Artificial Intelligence
| Gabriel Preda |
07 November 2023
The recent development and commoditization of large language models (LLMs) have opened numerous ways to apply them to a variety of tasks. From domain-specific chatbots to personal assistants to AI Agents for process automation, a plethora of business problems can now be approached to provide solutions with high accuracy and impressive productivity. There is indeed a true explosion of creativity in regard to leveraging the amazing syntactic prowess of LLMs. Looking in retrospect over recent times, there have been three main approaches, which we will review below.
Usage options for large language models
Prompt the model (prompt engineering)
The simplest approach to using a large language model is by directly prompting it [1]. This can be done directly through the chat interface where available (like with ChatGPT), through an API (like with GPT-3 or GPT-4) or by using a query pipeline with a locally deployed model. In all these cases, the quality of the response will highly depend on the users’ ability to formulate their prompts in a way that will guide the LLM to address exactly the envisioned task.

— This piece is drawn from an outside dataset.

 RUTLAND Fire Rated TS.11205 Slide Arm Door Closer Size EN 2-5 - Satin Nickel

There is now an entire genre of literature aiming to educate potential users on how to craft perfectly adapted prompts for a specific task. We even talk about a new technical discipline: prompt engineering [1]. By chaining several prompts, we can model complex, multi-step tasks and create powerful applications. Prompt engineering offers easy implementation and domain adaptability but exposes users to LLM issues like lacking new or non-public information, low answer accuracy and generating veridic yet partly imaginary responses, known as hallucinations.
Fine-tune the model
To increase the accuracy of the model and eliminate hallucinations, we can fine-tune the model using its own data [2]. Fine-tuning is generally performed for the models trained for natural language processing (NLP) tasks, those based on Transformer architecture, which includes the foundation LLMs of companies like OpenAI, Google or Meta. The aim is to adapt the foundation models to a downstream NLP task (specialise them for a certain task, such as translation, summarising or answering questions) or to be more accurate when queried on domain-specific information.

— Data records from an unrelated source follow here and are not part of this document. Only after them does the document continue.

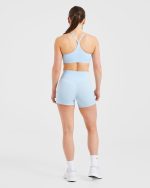 Staple Sports Bra - Pastel Blue - Image 4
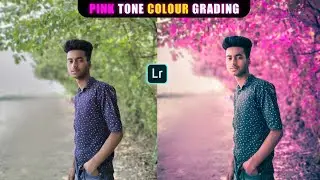 Pink Tone Colour Grading || Lightroom Colour Grading Photo Editing Tutorial In Hindi || MAXX EDITOR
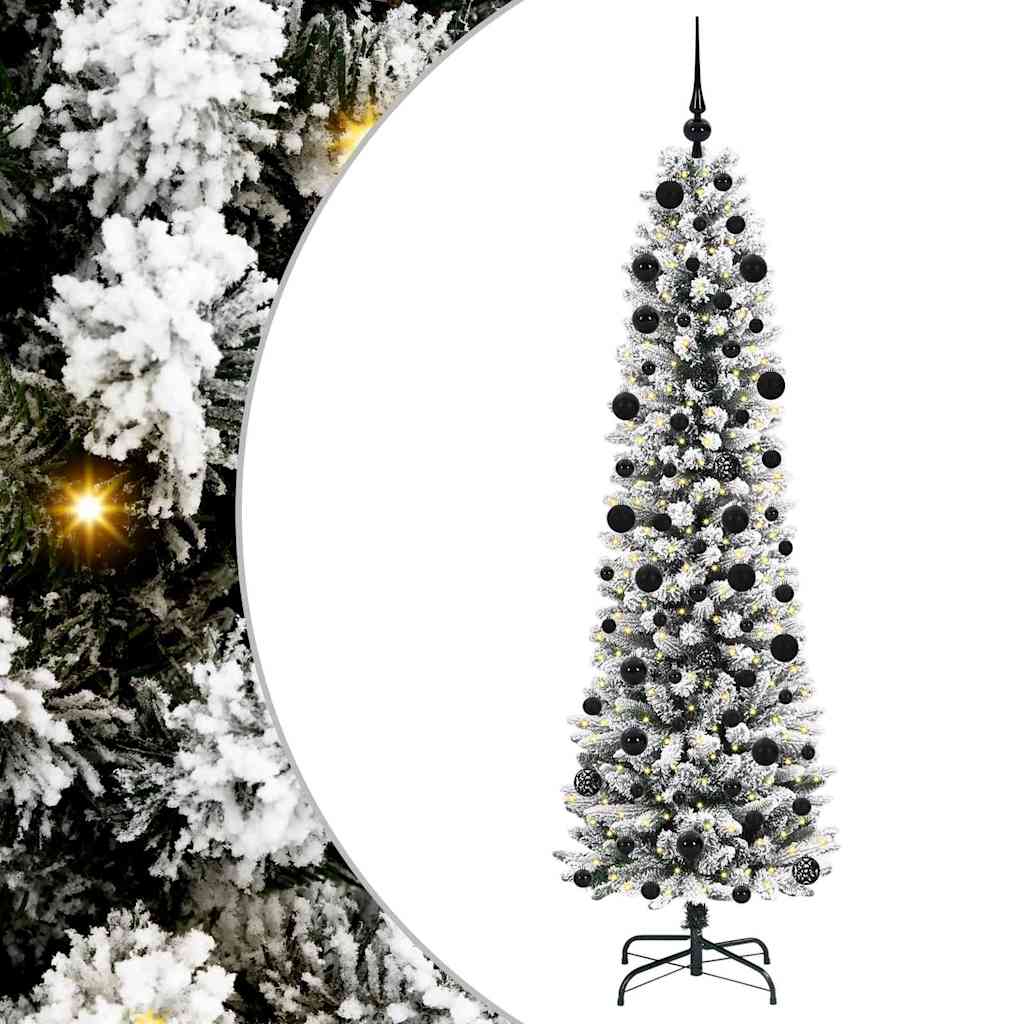 Albero di Natale artificiale Vidaxx con 300 LED bianchi 210 cm in PVC e metallo e plastica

Fine-tuning has the advantage that it reduces hallucinations (not entirely since the model still has information from a variety of sources besides the newly added information, but considerably) and improves the precision regarding the specific task or answering queries about the new corpus of information. The disadvantages are related to the considerable effort to label the new data, the huge computational resources needed for the training itself and the need to regularly repeat the process to keep the model up to date with the latest information.

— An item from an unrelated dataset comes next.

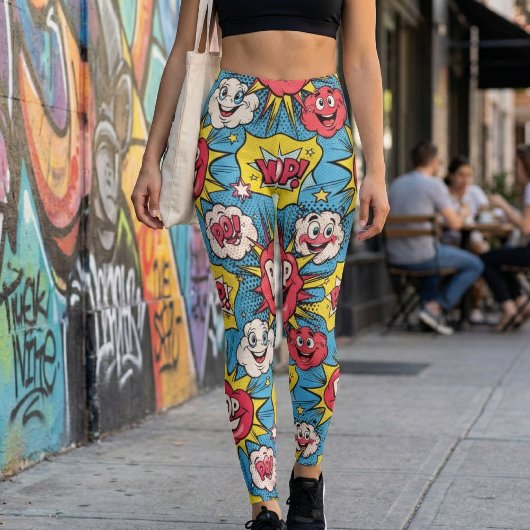 Comic-Pop-Art-Explosion - Cartoon-Spaß-Design Leggings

Retrieval Augmented Generation
Retrieval Augmented Generation (RAG) combines two main components to retain the advantages of the two previously described methods while reducing the drawbacks. The components are a retriever and a generator [3]. The retriever can be described as a system that is able to encode our data so that we can easily retrieve its relevant parts with our queries. We then compose the initial query with the context information retrieved and feed the generator. The answer of the generator is then returned as the final response.
The retriever part is normally implemented using vector databases [4]. For that, we first have to select the information that we want to store in the vector database for future retrieval, based on our queries. If the information is not in text format already but rather video, sound, image, PDF, email etc, we will have to convert it. Then, we chunk the resulting text documents into an optimal dimension so that we can get meaningful context when querying the information in the database. The text is then encoded using one version of text embeddings, and special indexes are used for fast queries. Some options for vector databases are FAISS, ChromaDB, Weaviate or Pinecone [5].
In the following diagram, the initial data transformation into text format, chunking, encoding and indexing is represented as step 1. Some of the possible original data formats are also represented, including various text documents, video, audio and emails.
The result of querying the vector database will be a collection of documents that match the query (step 2 in the diagram). These form the context that is added to the query (step 3) to compose the prompt (step 4) that is used with the second component, the generator, implemented using an LLM (such as OpenAI ChatGPT 3.5 turbo or Llama 2). The end-to-end process can easily be orchestrated using one of the options for task-chaining frameworks, such as Langchain or LlamaIndex [4].
RAG retains the accuracy provided by fine-tuning while omitting the high costs of labelling the data and of the computing resources for training. It also prevents hallucination since the LLM will only answer queries from the context extracted from the vector database. However, it still requires periodically indexing the new data in the vector database. The main issue with RAG systems is that the context relevance relies on the accuracy of matching the query with the documents in the vector database. Various techniques can improve the accuracy of RAG systems, which we will go into in the next section.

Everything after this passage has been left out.